Admiral2 wrote: View Post
Tom Riker wrote: View Post
So my wife found out Friday that her sister's husband has been cheating on her. they were married in October 2011 and the affair started in july 2012.

at first he told her it only happend once and that the woman "seduced" him and threw herself at him. Fine. An ooops I can forgive, but as it went on, it turned into a 5 month affair having sex dozens of times.

So at this point, i'm mad, I'm staying out of, letting them work it out. They are 22 are 24 years old. I'm not perfect, I'm not going to be smug and act like a saint.

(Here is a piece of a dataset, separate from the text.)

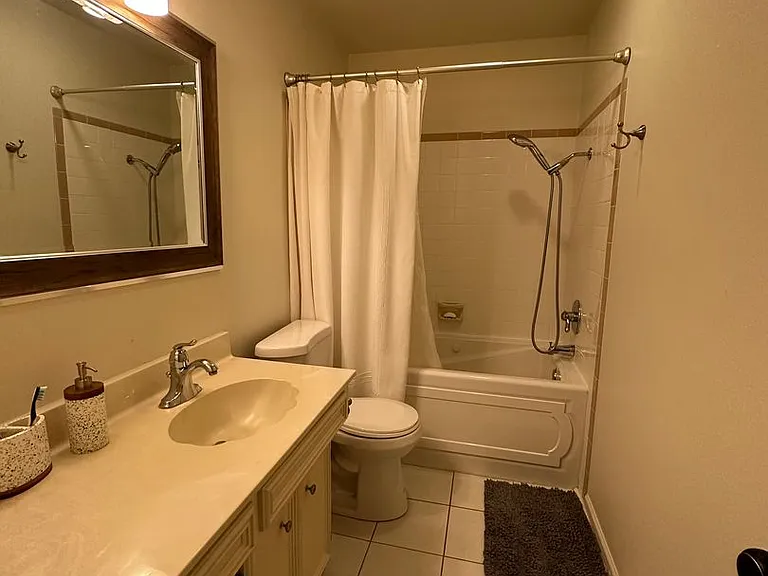 4731 Longstreet Pl — Photo 14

But last night before bed I blew my stack. Her sister called and said they got more into it and he admitted to her that when he told his parents about it, his father said he didn't blame him for doing it because my sister in law is controlling and bossy.

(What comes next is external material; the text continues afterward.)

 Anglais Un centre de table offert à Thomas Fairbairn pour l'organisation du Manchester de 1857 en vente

Then.... and this is what has me posting here... and trying NOT to just go beat the fuck out of this ignorant white trash bumkin.... he told her the reason he cheated is because she is never on top during sex and won't do anal.

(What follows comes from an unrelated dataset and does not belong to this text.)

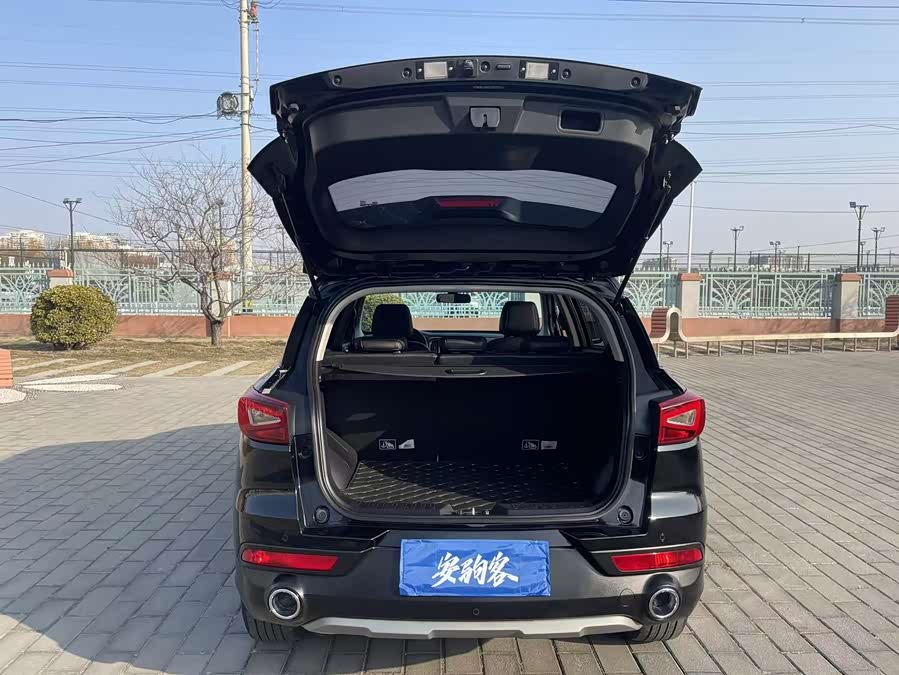 GAC Trumpchi GS3 2018 #10 GAC Trumpchi GS3 2018 car image #10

I didn't sleep last night. I think of this girl as a little sister and I just want to get my hands around this idiots throat.

Talk me down.
Talk you down? Screw that! Go take that dumb son of a bitch down!
Now we're in full Jerry Springer territory where if we say anything to her she's going to get mad at us. I've seen this a thousand times.

My own best friend went through this. I told him not to marry his girlfriend because I knew all the stories about her, he got mad at me and we didn't speak for nearly 5 years. Shortly after she had an affair and left him, 2 kids and a foreclosed house later, he lives in a small apartment and is dealing with severe depression.

People are stubborn things. And it makes me mad that they just won't listen to me !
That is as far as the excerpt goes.